■ **Work required**: Give back all of the data exactly as it stands, with the pictures removed.

■ **Dataset content**:
════════════════

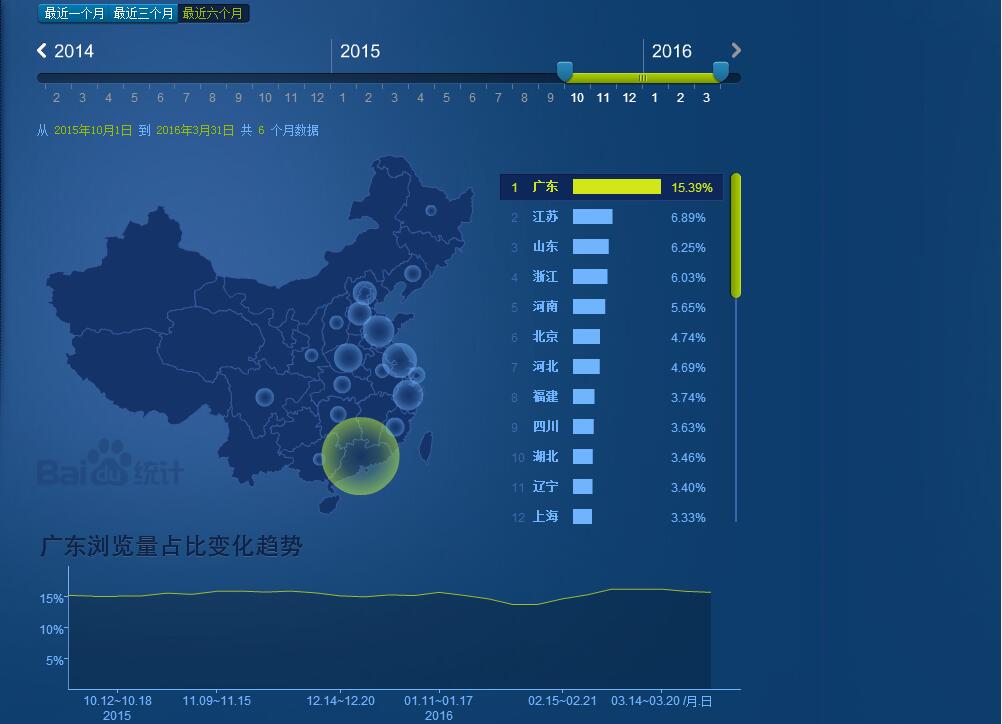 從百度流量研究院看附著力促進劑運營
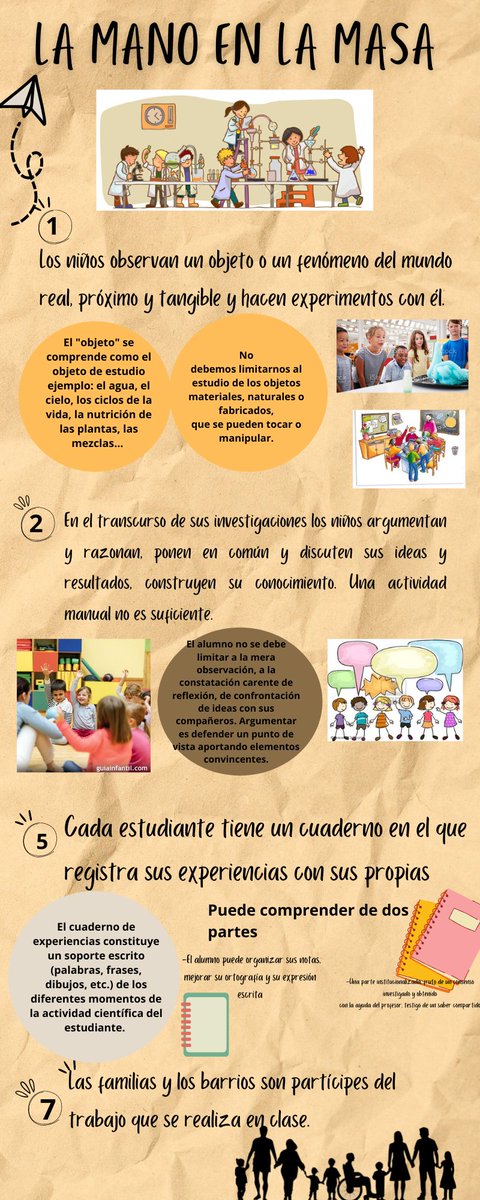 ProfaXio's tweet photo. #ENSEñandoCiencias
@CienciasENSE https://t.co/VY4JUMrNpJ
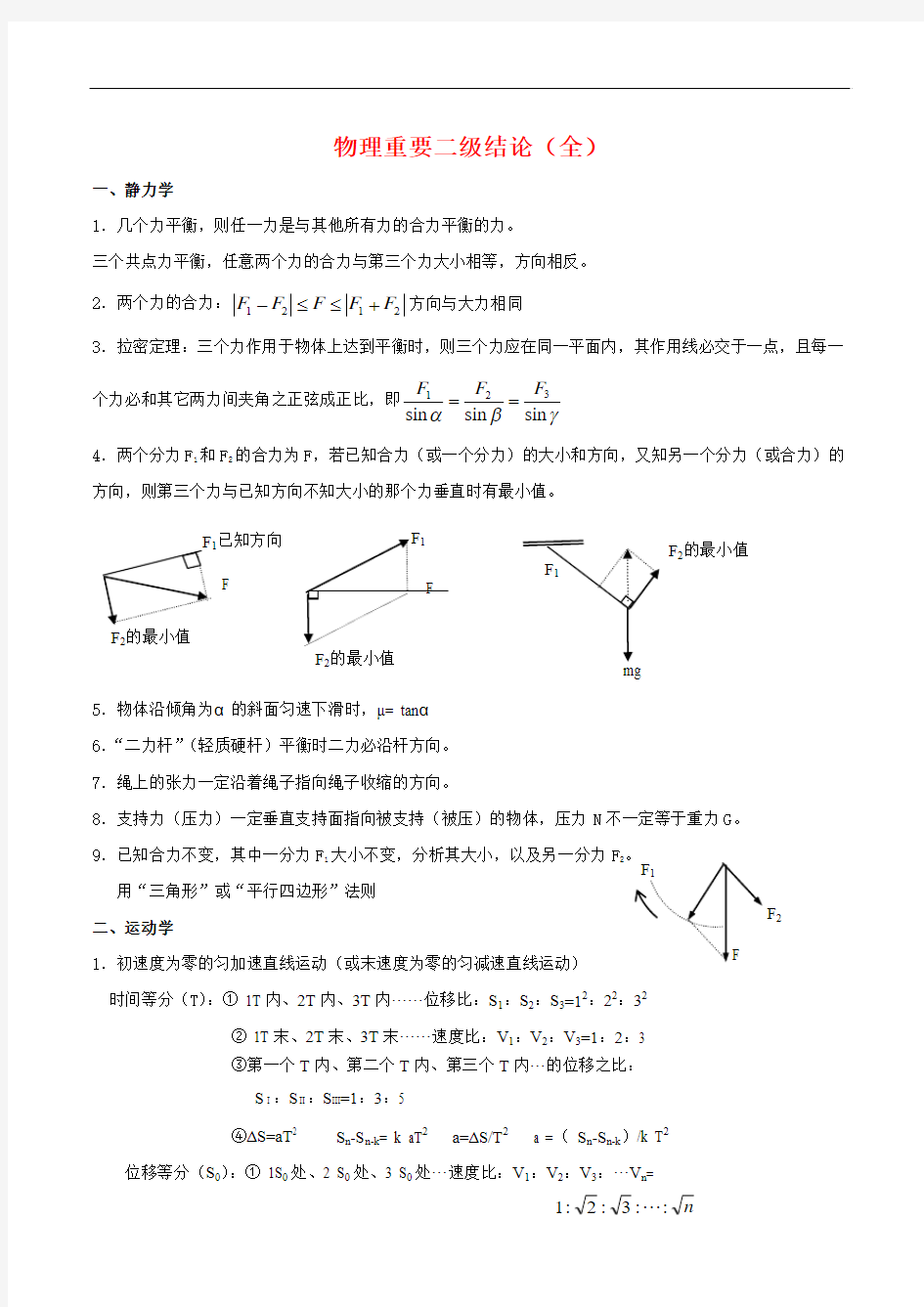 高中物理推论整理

════════════════

■ **The answer**:
 從百度流量研究院看附著力促進劑運營
 ProfaXio's tweet photo. #ENSEñandoCiencias
@CienciasENSE https://t.co/VY4JUMrNpJ
 高中物理推论整理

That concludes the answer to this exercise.